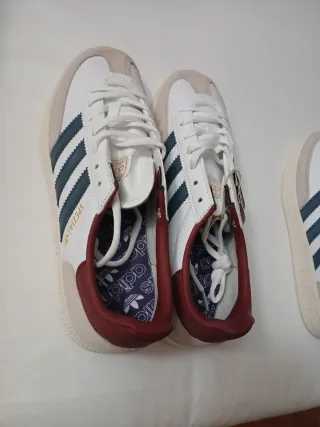 Zapatillas Adidas Spezial Talla 42 y 38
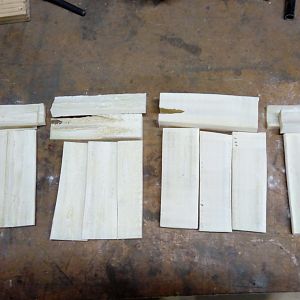 Knife Making Process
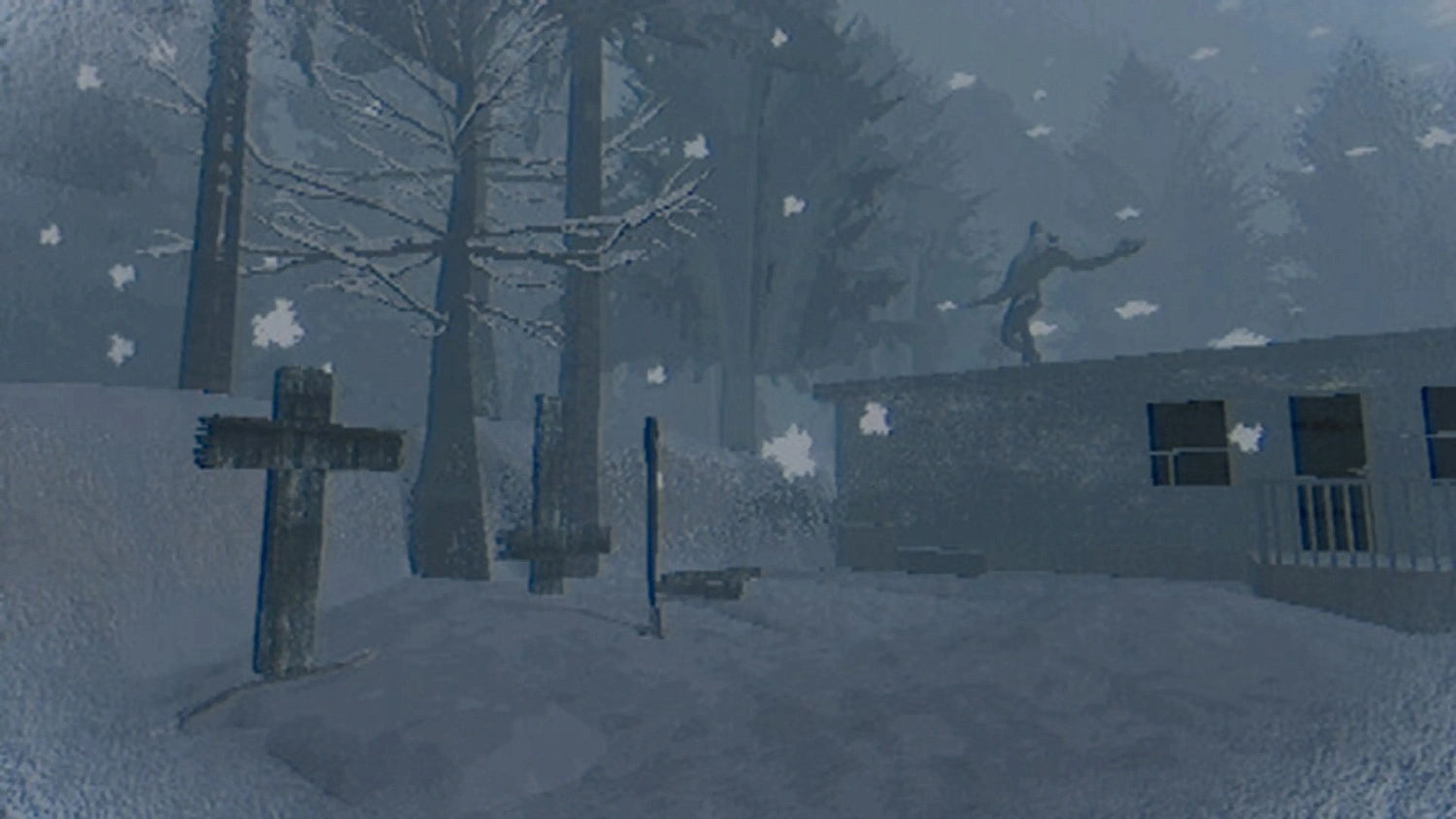 Snowsquall Grip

• About this task:
An exact copy of the listing above is to be set down, with no pictures in it.

• Exercise output:
 Zapatillas Adidas Spezial Talla 42 y 38
 Knife Making Process
 Snowsquall Grip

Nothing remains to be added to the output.